FIG. 1 shows an electrode arrangement of a thin film transistor substrate of a conventional liquid crystal display. In FIG. 1, the LCD includes thin film transistors 8 positioned at the intersections between data lines 4 and gate lines 2, and pixel electrodes 6 connected to drain electrodes 14 of the thin film transistors 8. Each of the thin film transistors 8 includes a gate electrode 10 protruding from the gate line 2, a source electrode 12 protruding from the data line 4, and the drain electrode 14 connected to the pixel electrode 6 via a first contact hole 20. Further, each thin film transistor 8 includes a gate-insulating film (not shown) insulating the gate electrode 10 from a semiconductor layer (not shown), which defines a conductive channel between the source electrode 12 and the drain electrode 14 when a large enough gate voltage is applied to the gate electrode 10. The thin film transistor 8 responds to a gate signal from the gate line 2 to selectively apply a data signal from the data line 2 to the pixel electrode 6.
The pixel electrode 6 is located at a cell area defined by the data line 4 and the gate line 2 and is made from an ITO (indium tin oxide) with a high light transmissivity. The pixel electrode 6 is formed on a protective film (not shown) coated on the entire surface of the thin film transistor 8, and is electrically connected, via the first contact hole 20 formed in the protective film, to the drain electrode 14. The pixel electrode 6 generates a potential difference with respect to a common transparent electrode (not shown) provided at an upper substrate, opposing the thin film transistor substrate, in response to a data signal applied via the thin film transistor 8. By this potential difference, liquid crystal positioned between the thin film transistor substrate and the upper substrate is rotated to allow light, from a light source, to pass therethrough.

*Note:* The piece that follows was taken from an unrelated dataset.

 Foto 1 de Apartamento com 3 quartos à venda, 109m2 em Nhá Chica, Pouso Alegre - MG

As further shown in FIG. 1, storage capacitor 18 and the prior or pre-stage gate line 2 are overlapped by a portion of the pixel electrode 6. The storage capacitor 18 prevents a voltage variation in the pixel electrode 6 by charging to a voltage when a gate high voltage is applied to the pre-stage gate line 2 and discharging the charge voltage when a data signal is applied to the pixel electrode 6. The storage capacitor 18 must have a large capacitance value so as to maintain a stable pixel voltage. To this end, the storage capacitor 18 is formed by the pre-stage gate line 2, an overlapping storage electrode 16, and the gate insulating film (not shown) disposed therebetween. The storage electrode 16 is electrically connected, via a second contact hole 22 formed in the protective film (not shown), to the pixel electrode 6. The storage electrode 16 is provided on the gate insulating film at the time of forming the data line 4 and the source and drain electrodes 12 and 14.

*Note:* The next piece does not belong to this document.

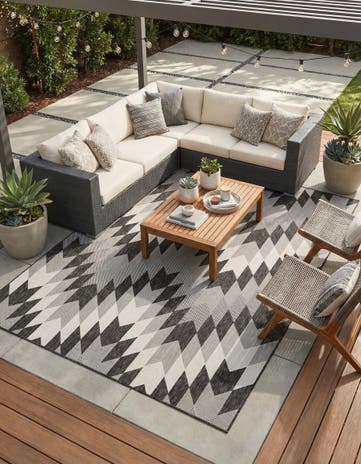 7' 10 x 10' Easy-Clean Modern Indoor / Outdoor Rug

As described above, in the conventional thin film transistor substrate, the overlapping portion of the pixel electrode 6 and the pre-stage gate line 2 must be as large as possible so as to provide a storage capacitor with a large capacitance value. As a result, the distance between the pixels 6 adjacent to each other at the upper and lower portions thereof is reduced, and a short may be generated between them.
Also, inorganic film with a large dielectric constant, such as SiNx, and SiOx, is usually used for the protective film of the thin film transistor substrate. This inorganic protective film typically maintains a constant horizontal interval (e.g., 3 to 5 μm) between the pixel electrode 6 and the data line 4 to minimize a coupling effect caused by a parasitic capacitor Cds.
However, during processing, particularly the several light-exposing steps, miss alignment errors can occur between electrodes formed from different layers. As a result, a constant interval may not be maintained between the data line 4 and the pixel electrode 6, and a capacitance of the parasitic capacitor Cds between the data line 4 and the pixel electrode 6 becomes non-uniform. A data signal, applied to the data line 4 and then to the pixel electrode 6 is deteriorated due to the coupling effect caused by this non-uniform parasitic capacitor Cds, and picture quality thus deteriorates.
Furthermore, in the conventional LCD, an aperture ratio is reduced by as much as the drain electrode 14 of the thin film transistor 8 overlaps the pixel electrode 6 for formation of the contact hole 20.